2. Latency — execute/browse p95. 95th percentile of duration_ms on execute.completed and browse.completed. duration_ms is the gateway-side dispatch latency (includes upstream time). Offline, the same number comes from contextweaver mcp stats --diagnostics FILE (latency_ms.p95).

3. Firewall efficacy — tokens kept out of prompts. From execute.completed attributes: sum(tokens_saved) / sum(raw_tokens). A falling ratio means large results are reaching the model inline. The events also carry attributes.artifact_bytes (bytes offloaded to the artifact store) and attributes.firewall_triggered if you prefer a byte- or count-based view. Only these carried attributes are measurable — there is no "would-have-been" token count beyond raw_tokens.

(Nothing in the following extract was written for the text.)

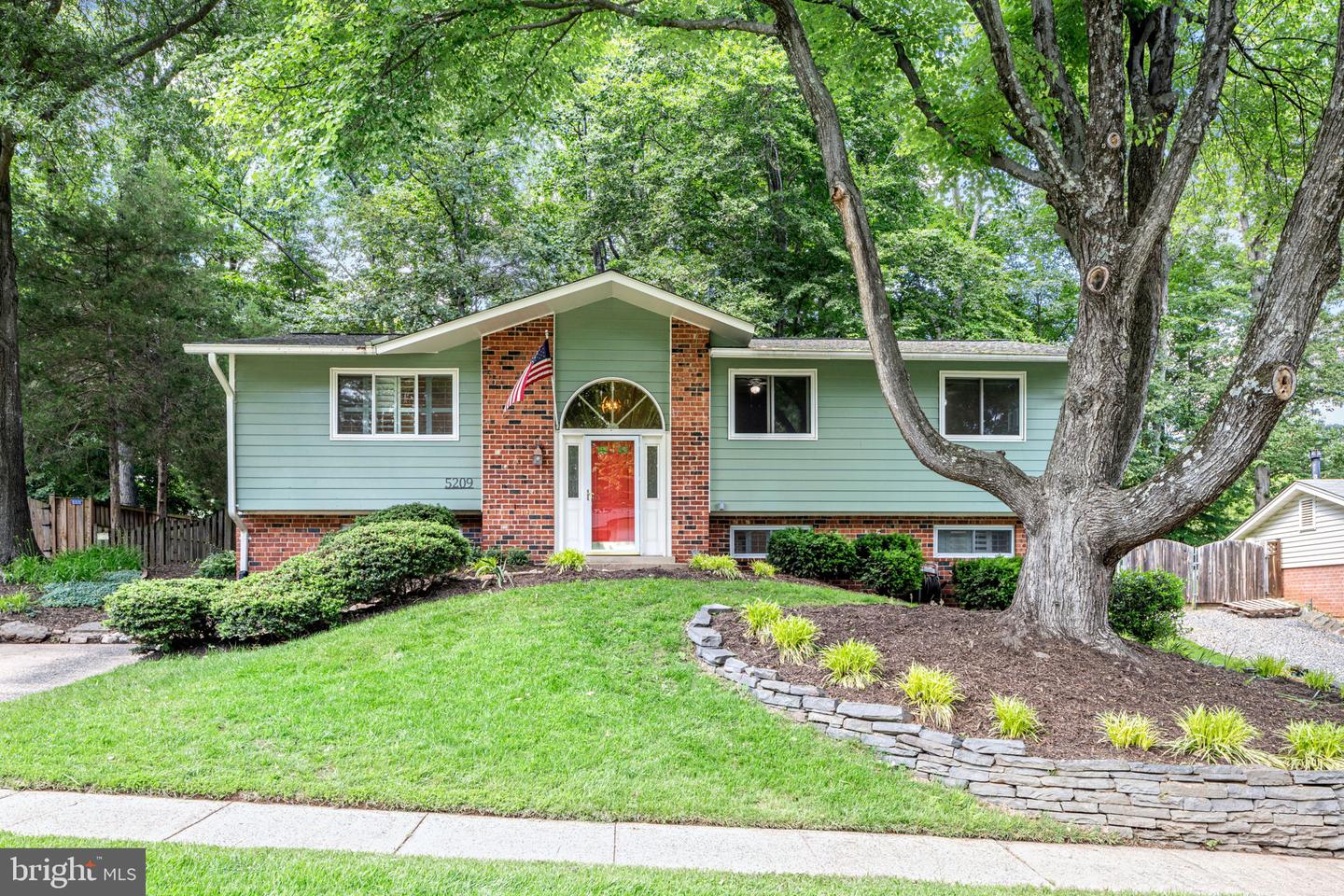 5209 STONINGTON DR, FAIRFAX, Virginia 22032, 4 Bedrooms Bedrooms, ,2 BathroomsBathrooms,Residential,For sale,5209 STONINGTON DR,VAFX2243740 MLS # VAFX2243740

4. Catalog freshness. Age of the newest catalog.loaded event. A stale catalog means refresh is failing (or the gateway restarted without one) and routing is serving old tools.

Example SLOs

These use a metric naming convention for the JSONL→metrics mapping; your pipeline must produce these (or equivalents) before any query below works:

  • cw_execute_total{success="true"|"false"} — counter per execute event
  • cw_execute_duration_ms_bucket / _count — histogram of duration_ms (cw_browse_duration_ms_bucket likewise for browse)
  • cw_tokens_raw_total, cw_tokens_saved_total — counters from attributes
  • cw_catalog_loaded_timestamp_seconds — gauge set to each catalog.loaded event's timestamp

SLO 1 — availability: 99.5% of execute calls succeed, 30-day window (error budget 0.5%). Multiwindow burn-rate alerts, PromQL-style pseudo-queries:

# page: 14.4x burn (budget gone in ~2 days), 1h + 5m windows both burning
(sum(rate(cw_execute_total{success="false"}[1h]))  / sum(rate(cw_execute_total[1h])))  > 14.4 * 0.005
and
(sum(rate(cw_execute_total{success="false"}[5m]))  / sum(rate(cw_execute_total[5m])))  > 14.4 * 0.005

# ticket: 6x burn (budget gone in ~5 days), 6h + 1h windows
(sum(rate(cw_execute_total{success="false"}[6h]))  / sum(rate(cw_execute_total[6h])))  > 6 * 0.005
and
(sum(rate(cw_execute_total{success="false"}[1h]))  / sum(rate(cw_execute_total[1h])))  > 6 * 0.005

SLO 2 — latency: 95% of execute calls complete under 2000 ms, 30-day window (slow budget 5%):

# ticket: 6x burn on the slow-call budget over 1h
1 - (sum(rate(cw_execute_duration_ms_bucket{le="2000"}[1h]))
       / sum(rate(cw_execute_duration_ms_count[1h]))) > 6 * 0.05

Copyable rule-file versions of both live in examples/slo/burn_rate_rules.yaml. Pick thresholds from your own baseline (mcp stats --diagnostics FILE prints current p50/p95/max), not from these placeholders.

Dashboard skeleton

One panel per SLI; the datasource is an honest placeholder — point it at wherever your pipeline lands the mapped metrics. Full template: examples/slo/dashboard.json.

{
  "title": "contextweaver gateway SLIs",
  "templating": {"list": [{"name": "datasource", "type": "datasource", "query": "prometheus"}]},
  "panels": [
    {"type": "stat", "title": "Availability - execute success rate",
     "datasource": {"uid": "${datasource}"},
     "targets": [{"expr": "sum(rate(cw_execute_total{success=\"true\"}[1h])) / sum(rate(cw_execute_total[1h]))"}]},
    {"type": "timeseries", "title": "Latency - execute p95 (ms)",
     "datasource": {"uid": "${datasource}"},
     "targets": [{"expr": "histogram_quantile(0.95, sum by (le) (rate(cw_execute_duration_ms_bucket[5m])))"}]},
    {"type": "stat", "title": "Firewall efficacy",
     "datasource": {"uid": "${datasource}"},
     "targets": [{"expr": "sum(rate(cw_tokens_saved_total[1h])) / sum(rate(cw_tokens_raw_total[1h]))"}]},
    {"type": "stat", "title": "Catalog freshness (s)",
     "datasource": {"uid": "${datasource}"},
     "targets": [{"expr": "time() - max(cw_catalog_loaded_timestamp_seconds)"}]}
  ]
}

Getting the data out

contextweaver mcp serve --catalog tools.yaml --diagnostics /var/log/contextweaver/diag.jsonl

Ship diag.jsonl with your log agent, map events to the metric names above, load the rule and dashboard templates, and revise the targets after a week of real traffic. For ad-hoc inspection without a pipeline, contextweaver mcp stats --diagnostics FILE renders the same counts, savings, and latency percentiles offline.